Another good tool to use at this point is the drop shadow tool. You can make the tiles look slightly 3D by giving them a very small drop shadow. MnP always uses solid shadows at 30% – 40% saturation – this means no blurry edges to the shadow. Think… cartoon style shadows.

The original roof photo and finished product

D. Hmmm, this doesn’t look like Scurvy’s house – And it probably at first. But don’t give up! MnP has been doing this type of work for 10+ years and it takes practice. But at this point in a map, I always recommend sticking with the current part of the map until it is basically done. Don’t go and start another section to give yourself a break from your current task. Detail that house like crazy – it will keep you inspired and give you a glimpse into the finished product once that portion is done.

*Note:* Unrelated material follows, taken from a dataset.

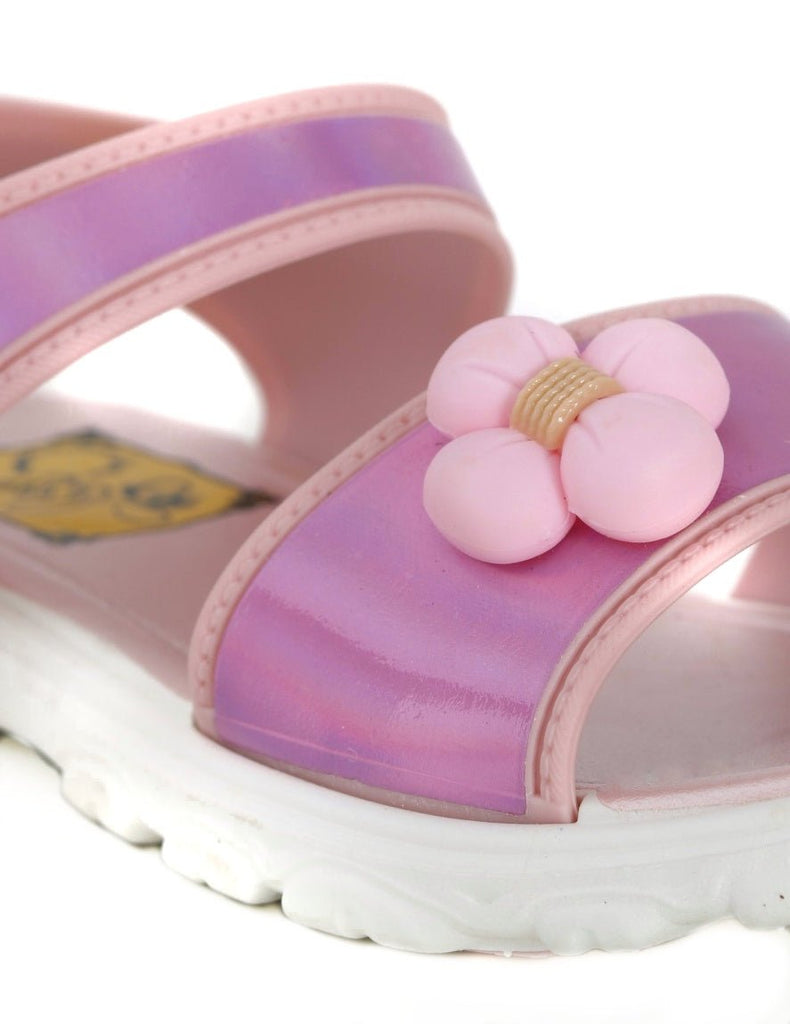 Close-up of a pink flower on holographic strap of a child's sandal.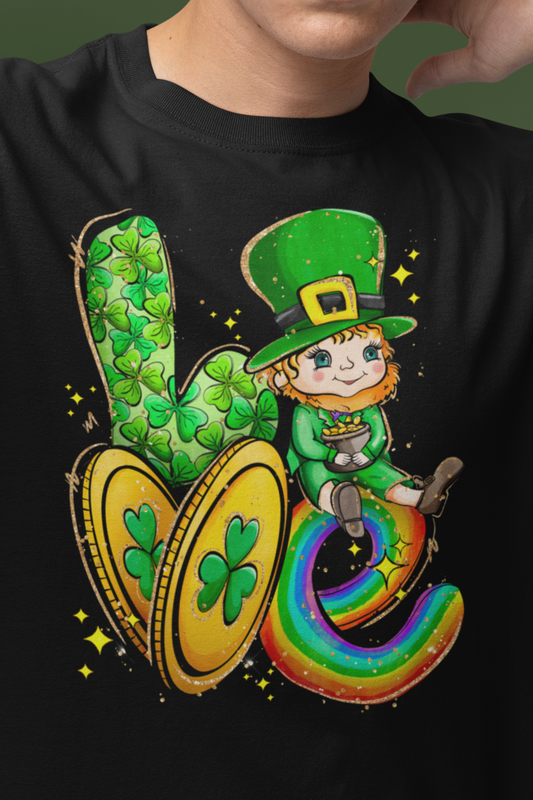 Black Color Shirt spelling out the word love with a leprechaun representing the letter "O", two gold coins for the letter "V", and a rainbow in the shape of a letter "E". mock up close up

The Scurvy house has a few more basic parts to its structure:

First, there are the wooden beams (holding up the roof). For the beams, tackle that the same way you would the roof tiles – piece-by-piece. A wooden beam is nothing more than a rectangular shape with some erratic lines on it to simulate wood grain. If you need to see what wood grain looks like, use Google Image Search! Add some nails to the beam where one attaches to another (just small circles), assign subtle drop shadows to the right parts, and you’ll be roofer in no time!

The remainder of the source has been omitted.